"A decade ago, there was a lot of new stuff that needed to be set up ethernet networks, directory servers, mail servers, company laptops and a lot of baby boomers who still needed helped transitioning into a computerized workplace. Those days are long gone."
This modern workplace you're referencing - the one without PCs and ethernet - where is it exactly? What do they do for network security? What productivity software do they run?
"Most of these technologies run themselves today and dont require a lot of time from IT pros to deploy them and keep them running."
This statement is absurd and marks the point in the article where the last credibility vanished.
"IT pros also spend a lot less time doing repairs, maintenance, and end user support. Replacement is the new support. In 2015, employees will just swap out their malfunctioning laptop, smartphone, or tablet to IT and immediately get a replacement device that will connect to the private cloud and/or public cloud and instantly download the users apps, settings, and data."

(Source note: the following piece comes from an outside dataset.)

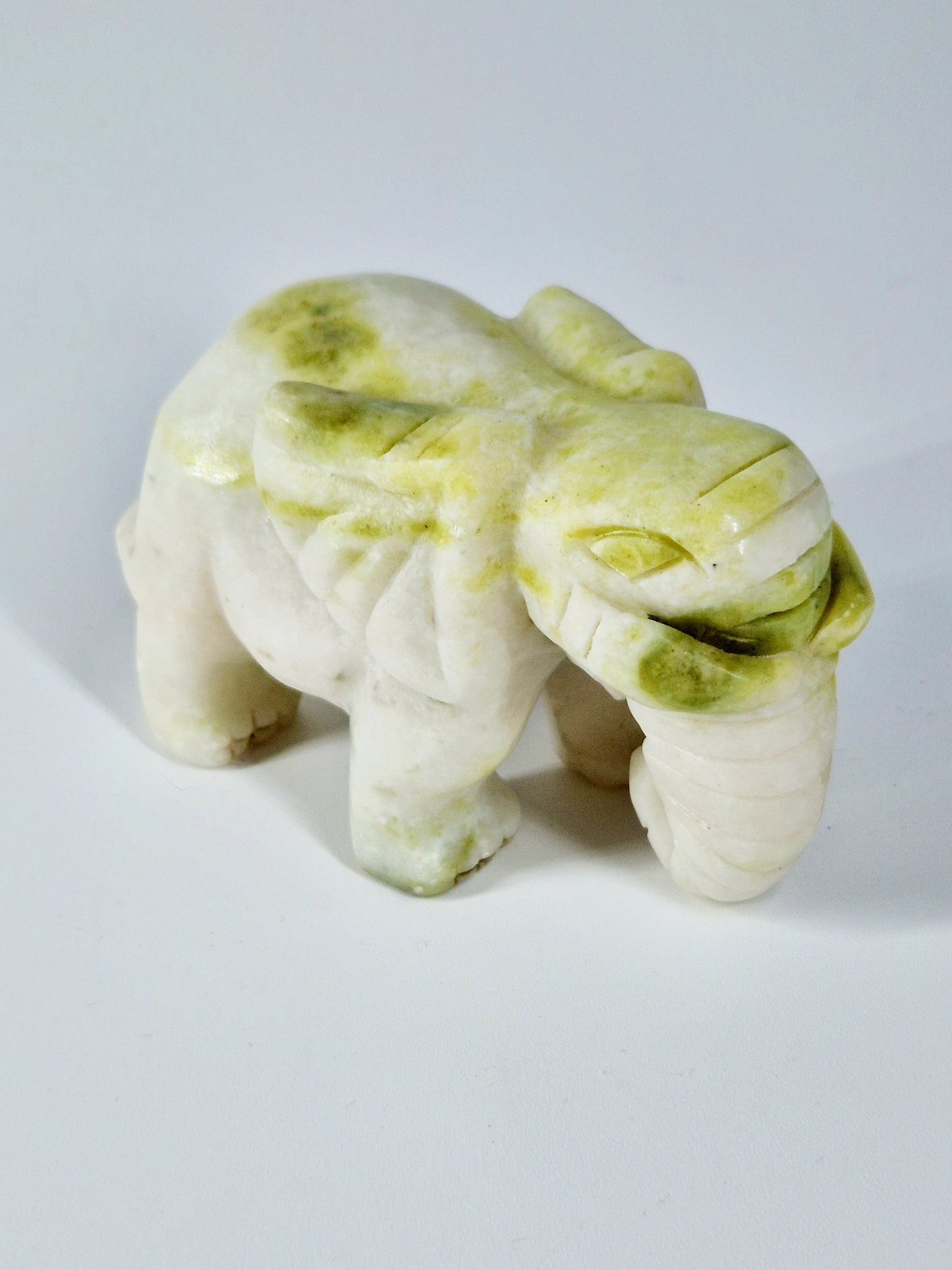 White & Green Jade Elephant Carving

Perhaps, to a point. However, this unlimited swappability completely ignores budget constraints. Those are actually important.
The reality is that IT is changing, no question, but it's not going to become a tiny nucleus surrounded by ad hoc consultants any time soon. There is still far too much day-to-day work for this to be an effective solution anywhere but the most basic of networks. Anyone currently working in the industry knows that every problem solved by new technology - moving services to the cloud, for example - simply creates a new associated problem.
Technology still doesn't run itself. Sorry, Jason.